== Source information ==

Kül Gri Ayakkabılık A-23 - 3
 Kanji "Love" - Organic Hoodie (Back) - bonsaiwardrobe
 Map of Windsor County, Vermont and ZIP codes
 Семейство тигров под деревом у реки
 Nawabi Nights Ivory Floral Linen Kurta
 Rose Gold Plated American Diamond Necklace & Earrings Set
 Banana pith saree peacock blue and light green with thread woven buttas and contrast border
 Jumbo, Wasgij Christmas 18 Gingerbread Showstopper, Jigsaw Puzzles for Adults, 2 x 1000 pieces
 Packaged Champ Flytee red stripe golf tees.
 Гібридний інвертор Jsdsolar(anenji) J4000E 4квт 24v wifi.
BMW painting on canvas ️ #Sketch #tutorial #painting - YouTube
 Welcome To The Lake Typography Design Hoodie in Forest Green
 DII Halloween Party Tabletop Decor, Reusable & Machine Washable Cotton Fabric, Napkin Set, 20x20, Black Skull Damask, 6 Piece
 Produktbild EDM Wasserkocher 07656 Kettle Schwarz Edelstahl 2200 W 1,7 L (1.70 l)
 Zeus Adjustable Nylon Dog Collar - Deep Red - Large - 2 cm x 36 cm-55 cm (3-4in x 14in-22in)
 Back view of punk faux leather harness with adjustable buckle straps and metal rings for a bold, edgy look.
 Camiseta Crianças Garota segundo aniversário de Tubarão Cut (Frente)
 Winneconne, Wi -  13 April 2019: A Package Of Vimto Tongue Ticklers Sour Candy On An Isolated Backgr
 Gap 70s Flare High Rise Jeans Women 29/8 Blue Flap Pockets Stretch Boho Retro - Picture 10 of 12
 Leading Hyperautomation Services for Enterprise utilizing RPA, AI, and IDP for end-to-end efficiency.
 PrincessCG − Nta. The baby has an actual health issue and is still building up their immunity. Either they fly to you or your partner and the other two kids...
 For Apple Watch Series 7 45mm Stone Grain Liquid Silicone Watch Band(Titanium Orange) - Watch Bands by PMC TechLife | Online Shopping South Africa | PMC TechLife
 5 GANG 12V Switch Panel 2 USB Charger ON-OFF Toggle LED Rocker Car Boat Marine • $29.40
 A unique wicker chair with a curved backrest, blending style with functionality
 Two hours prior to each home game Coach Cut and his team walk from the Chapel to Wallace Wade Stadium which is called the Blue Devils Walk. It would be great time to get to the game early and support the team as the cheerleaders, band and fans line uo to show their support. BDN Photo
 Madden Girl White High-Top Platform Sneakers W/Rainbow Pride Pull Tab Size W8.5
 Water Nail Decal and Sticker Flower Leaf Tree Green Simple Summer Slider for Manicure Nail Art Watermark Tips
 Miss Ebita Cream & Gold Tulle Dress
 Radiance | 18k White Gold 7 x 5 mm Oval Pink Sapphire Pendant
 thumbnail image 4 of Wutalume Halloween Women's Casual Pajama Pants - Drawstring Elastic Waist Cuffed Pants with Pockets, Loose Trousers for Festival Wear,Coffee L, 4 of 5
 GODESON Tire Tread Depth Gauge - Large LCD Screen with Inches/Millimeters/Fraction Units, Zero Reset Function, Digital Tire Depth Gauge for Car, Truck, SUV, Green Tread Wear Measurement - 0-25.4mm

== What is required ==
Copy down every line of the entries containing the word "Large".

== Written response ==
 Zeus Adjustable Nylon Dog Collar - Deep Red - Large - 2 cm x 36 cm-55 cm (3-4in x 14in-22in)
 GODESON Tire Tread Depth Gauge - Large LCD Screen with Inches/Millimeters/Fraction Units, Zero Reset Function, Digital Tire Depth Gauge for Car, Truck, SUV, Green Tread Wear Measurement - 0-25.4mm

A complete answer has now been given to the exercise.